Article series | Article 7 of 9 | Estimated reading time: 5 minutes

Remember the sixth painting? The rabbit had vanished, outward distractions had gone, and resistance to meditation had evaporated. Stillness had become second nature.

The seventh painting shows the next achievement: the monkey leaves the elephant. Thoughts, which had accompanied us throughout the journey - ahead of the elephant, behind it, holding on to its tail - now sit apart, beside the path. They are still there, but they are no longer part of the procession.

This is the seventh stage, which the tradition calls "Thoroughly Pacifying" (or in Tibetan English: Complete Pacification).

Nine Stages of Shamatha meditation - Stage 7 Complete Pacification, the monkey has left the elephant, thoughts sit aside, the monk walks behind without rope or hook, modern Nowvigation illustration

The Monkey That Departs

The monkey has accompanied us through all six previous paintings. In the first painting, he led the elephant. In the second, he yielded a little. In the fifth, he was already only holding on to the tail. In the sixth, he walked calmly behind the elephant.

Now, in the seventh painting, he has left.

What does this mean? The practitioner has reached a level at which thoughts are no longer drawn into the elephant - they sit aside. Thoughts still arise, but they no longer cling to the mind. They pass through attention like clouds across the sky, without disturbing it.

This is deep pacification. Not only stability, not only clarity, but a natural separation between thoughts and attention.


The Hind Legs That Are Still Grey

Notice the elephant's hind legs - they are still grey. Most of the body is entirely white, but traces remain.

The tradition explains this precisely: even at the seventh stage, very subtle traces of laxity can still arise. Rare moments of dullness. A passing sense of heaviness. But all of this can be dispersed with the slightest effort. The hook is no longer needed. The rope is no longer needed. A light touch of attention is enough to restore clarity.


The Monk Who Has Returned to Walking Behind

A telling detail in the painting: the monk has returned to walking behind the elephant. In the fifth and sixth paintings he walked ahead and led. Now he walks behind it, without a rope and without a hook.

The tradition explains this position: the monk being behind means that the practitioner allows the mind to rest naturally. Concentration arises of its own accord, immediately, without effort. But - the monk is still watching. He is not asleep. He has not turned his gaze away. Subtle traces of laxity and distraction can still arise, and when they do - the slightest effort is enough to disperse them.

This is one of the most delicate moments of the journey: the mind already knows the way on its own, but the practitioner does not abandon his post. He is present, watching, and ready.

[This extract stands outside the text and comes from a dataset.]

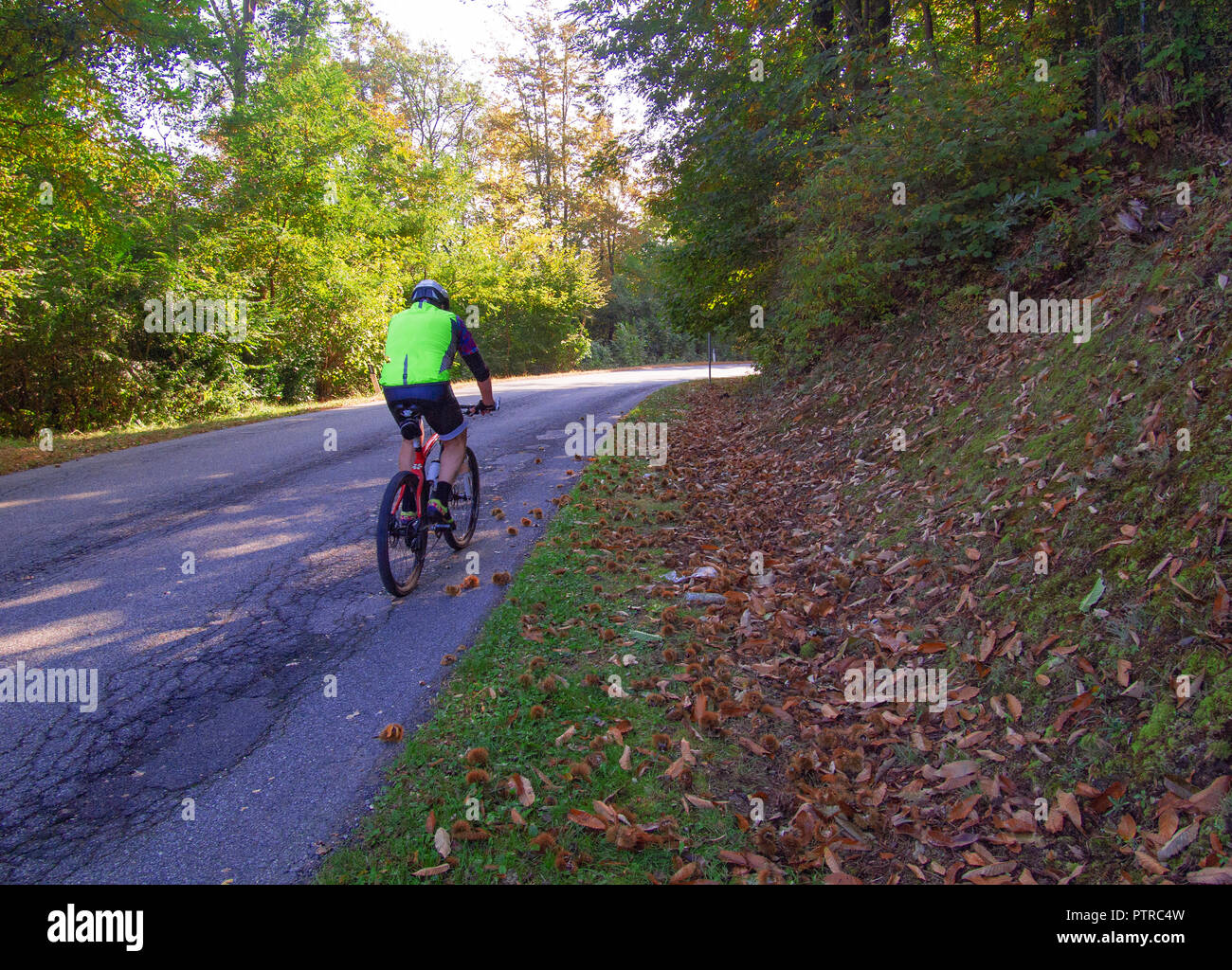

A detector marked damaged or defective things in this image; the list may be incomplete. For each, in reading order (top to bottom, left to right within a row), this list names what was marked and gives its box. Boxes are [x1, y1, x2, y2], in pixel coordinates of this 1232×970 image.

Why This Matters Even for a Beginner

This article describes a very advanced stage. Most practitioners - even those with years of experience - never reach it. So why read?

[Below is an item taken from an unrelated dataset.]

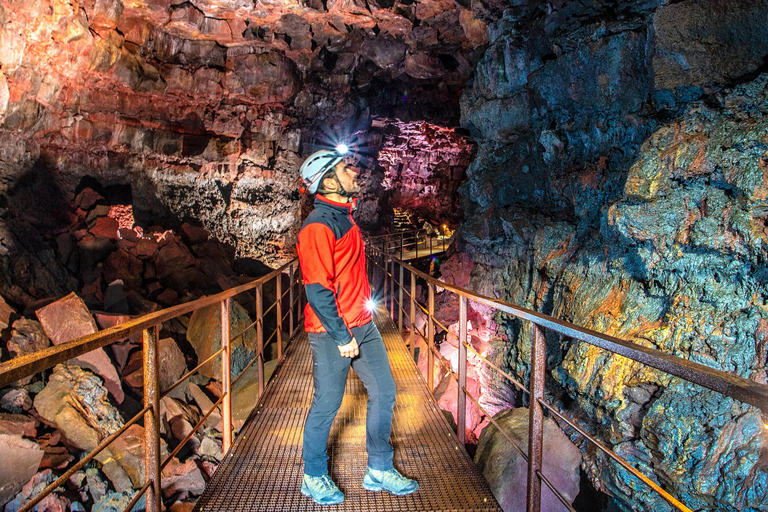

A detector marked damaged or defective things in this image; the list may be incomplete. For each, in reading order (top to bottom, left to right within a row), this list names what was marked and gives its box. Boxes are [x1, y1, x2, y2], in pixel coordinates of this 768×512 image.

rusty railing post [144, 326, 162, 510]
rusty railing post [528, 324, 544, 512]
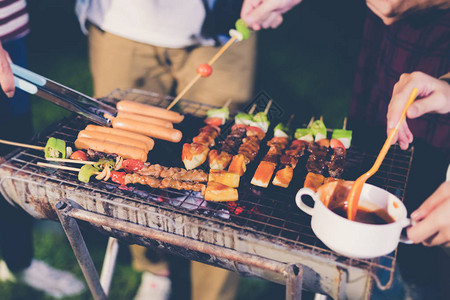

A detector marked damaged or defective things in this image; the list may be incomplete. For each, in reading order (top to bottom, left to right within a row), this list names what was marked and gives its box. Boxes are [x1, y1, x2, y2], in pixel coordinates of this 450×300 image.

rusty grill stand [55, 198, 302, 298]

For one important reason: to see the whole map. Even if we are still at the first or second painting, it matters to know where the road leads. That there is an end to gross distraction. That there is an end to subtle dullness. That there is a stage at which even thoughts leave the mind and sit aside.

This is also an important reminder: the reason we work on the early stages is precisely so that we can reach these later ones. Recognising the traps, using the training wheels, daily practice - all of these are the foundation upon which the later stages are built. Every sitting at the first or second stage is a brick in the structure that ultimately leads to the seventh.